The big drama in the galleries isn’t their design, but the way the Tate has re-displayed its permanent collection. In a radical break with the practice of exhibiting works chronologically and by school, the art is presented in four themed categories — landscape, history painting, still life and the body — that take off from basic genres established by the French Academy in the 17th century. The idea is to make earlier Modernist masterpieces more accessible by linking them to contemporary concerns: In one gallery, paintings by Picasso are intermingled among works by Cindy Sherman. In practice, though, this kind of themeing flattens our sense of how art practices develop over time, and actually obscures the complex interconnections between artworks whose ostensible subject matter may appear to be worlds apart — the lines of influence, say, between Pollock’s splatter paintings and the development of happenings and performance art.

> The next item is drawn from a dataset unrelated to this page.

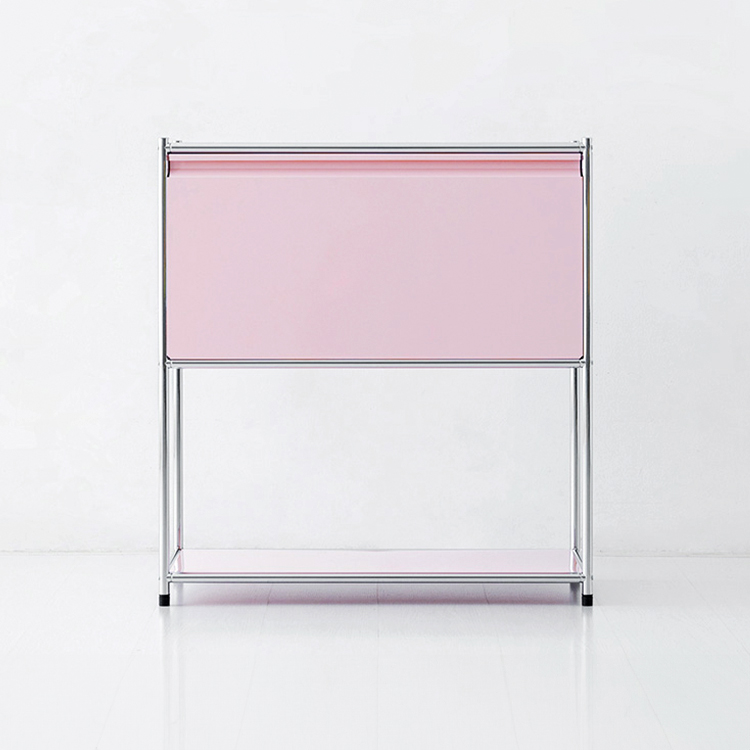 심플리 수납장 SG475 770mmx400mmx820mm, 2단, 핑크 1132.2935 - 메인 이미지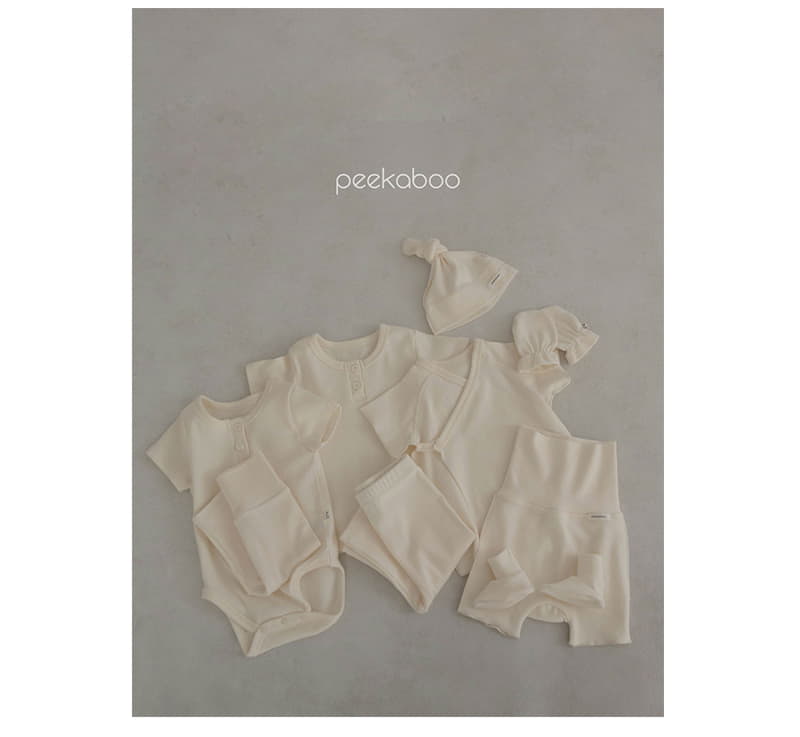 Peekaboo - Korean Baby Fashion - #onlinebabyboutique - Vanila Bodysuit Set - 3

The only other significant blot in this otherwise wonderful building is the fact that its largest and most spectacular feature — the entrance hall — is completely unsuited to showing art. The museum’s plan to exhibit large sculptures there — a gnarly Louise Bourgeois spider with 24-foot-long legs is on hand for the opening — seems utterly misguided, as even the most enormous works will inevitably look like miniatures in this immense setting. You get the impression that the Tate’s curators, by installing works on the ground floor, are simply trying to conceal the fact that the hall is no more than a great vehicle for wowing crowds. Indeed, it’s basically the equivalent of the exploding volcano outside the Mirage hotel in Las Vegas — a teasing promise of excitement meant to draw you on toward the galleries themselves.

As a themed business enterprise, Tate Modern isn’t all that remote from Vegas. Like any self-respecting new museum, it boasts a rooftop restaurant (with a view of St. Paul’s Cathedral), a number of bars and cafés, and an enormous store stretching across two levels. In addition to maintaining another shop in a London department store, the Tate recently announced a joint for-profit Internet venture with the Museum of Modern Art, appealing to customers who want to “access, understand and purchase the best in modern art, design and culture,” as a press release declared.

Finally, like the Guggenheim with its satellites in Bilbao and Berlin, the Tate is an expanding franchise, with smaller but significant venues already in place in Liverpool and Cornwall. Its influence stretches beyond the realm of art. And why shouldn’t it? If Gehry’s Bilbao museum could transform a little-known center of Basque terrorism and industrial decline into an international cultural landmark, presumably Tate Modern can aspire to be the new face of 21st-century London. Locally, it has already functioned as a power plant of economic growth, spurring real estate development throughout its lower-income neighborhood of Southwark.

The museum’s reinvention as a contemporary mass medium has its downside, of course. The stadium-rock approach to exhibition making is severely limited: A great deal of art, after all, is still designed to be seen by relatively small groups of people at a time, and works that require sustained contemplation don’t lend themselves to the conveyer-belt traffic flows enforced by blockbuster shows.

But as a mass medium, the museum building has distinct advantages. Far more effectively than a work of art, it can serve as a key icon of a city’s identity, a public symbol of shared values, or it can even suggest, like the architectural counterpart of a novel, a provocative world-view. And for a society that prizes packaging over content, it is the ideal cultural totem.

Tate Modern wants to be all of these things — to be far more, in other words, than the sum of its parts. Its awe-inspiring building succeeds beautifully, but it also leaves you wondering at what cost, and whether art can thrive under the big top if it’s no longer the main attraction.